### [Your task]
Retype the material that follows exactly, limited to the lines from the one with "Rochie eleganta lunga" through the one with "Canvas handbag with", and keep out all pictures.

### [Dataset]
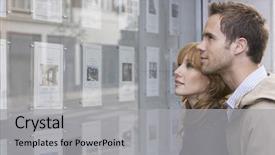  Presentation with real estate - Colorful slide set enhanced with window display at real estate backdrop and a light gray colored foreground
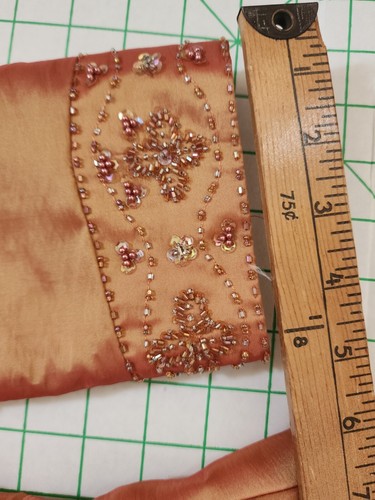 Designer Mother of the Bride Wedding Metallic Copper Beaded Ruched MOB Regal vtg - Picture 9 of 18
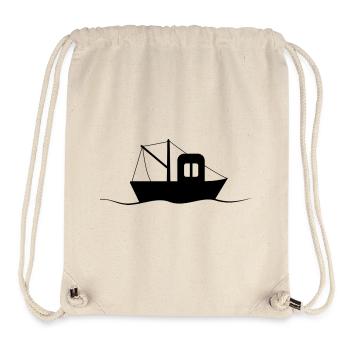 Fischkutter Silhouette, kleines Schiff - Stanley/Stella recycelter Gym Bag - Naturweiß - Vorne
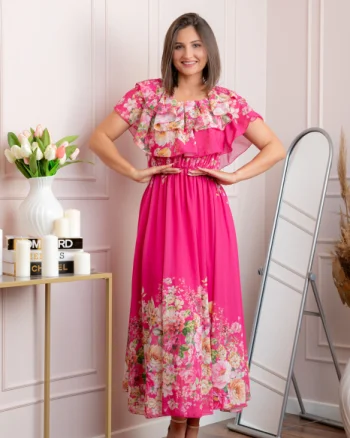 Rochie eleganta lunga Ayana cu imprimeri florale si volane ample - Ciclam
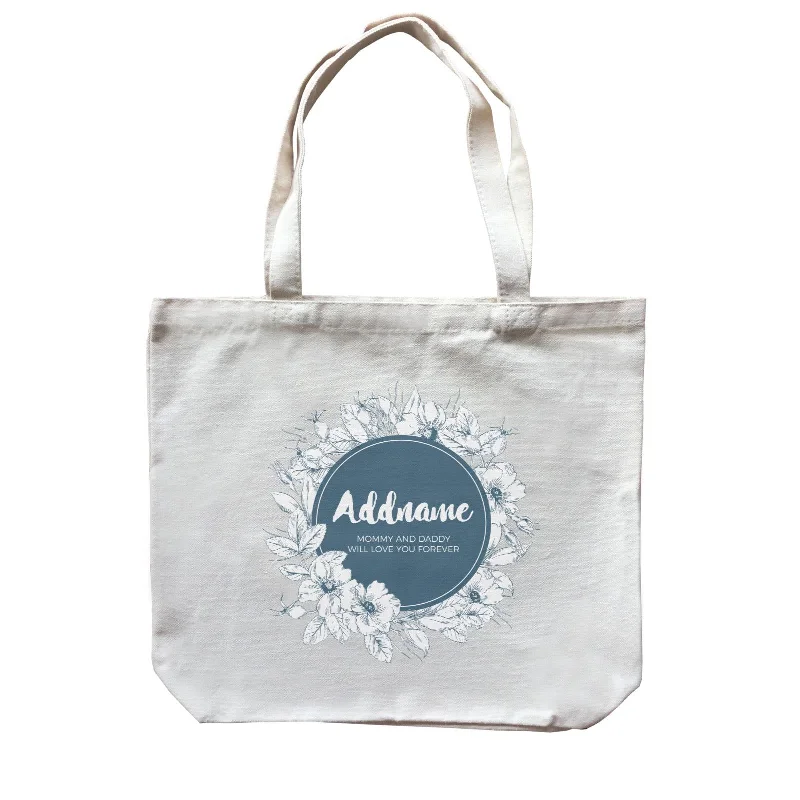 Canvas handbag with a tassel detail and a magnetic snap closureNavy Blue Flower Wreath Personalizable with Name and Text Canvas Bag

--

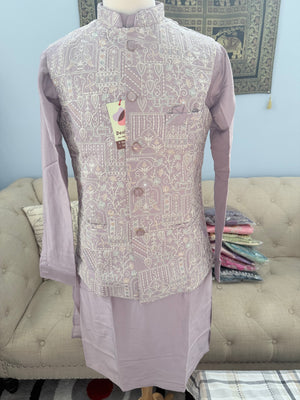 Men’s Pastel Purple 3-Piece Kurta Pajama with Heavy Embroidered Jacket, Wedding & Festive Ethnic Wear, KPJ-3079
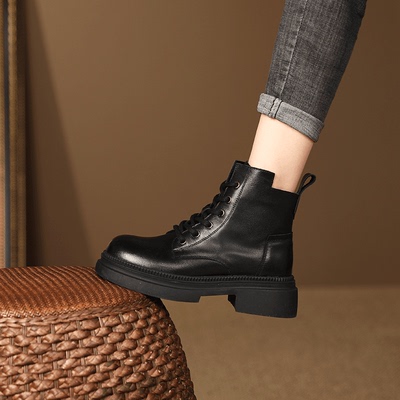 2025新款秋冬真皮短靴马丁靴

### [Task solution]
 Rochie eleganta lunga Ayana cu imprimeri florale si volane ample - Ciclam
 Canvas handbag with a tassel detail and a magnetic snap closureNavy Blue Flower Wreath Personalizable with Name and Text Canvas Bag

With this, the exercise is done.